I've attached a rough sketch of the graph from my textbook. The main points of the graph are this, it's a parabola, at T=0 and T = 4.5, P(momentum) = 6. At T= 2.25 (maybe) it bottoms out. I say maybe because it doesn't really say where exactly it bottoms out, just shows a graph... and it appears to bottom out between 2 and 2.5.

The question:

At Time t = 0, a ball is struck at ground level and sent over level ground. (The graph) gives the magnitude (p) of the ball's momentum versus time (t) during the flight.
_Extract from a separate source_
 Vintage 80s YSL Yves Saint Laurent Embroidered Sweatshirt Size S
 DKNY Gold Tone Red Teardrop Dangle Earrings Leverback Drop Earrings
At what angle is the ball launched?

Possibly useful equations (just not sure which to use):
Pi = Pf = mivi = mfvf(conservation of momentum)

Fnet = dp/dt

P = Mvcom (com meaning the com)

My thoughts:
Not sure where to start, other than taking the derivative of the momentum, but I'm not sure how to find the equation of the parabola... I've come close, but even if I had it, thus converting it to the force, I'm not sure where the angle would come in... though I thinkif I could get to that point I could figure it out.

Thanks prior, all.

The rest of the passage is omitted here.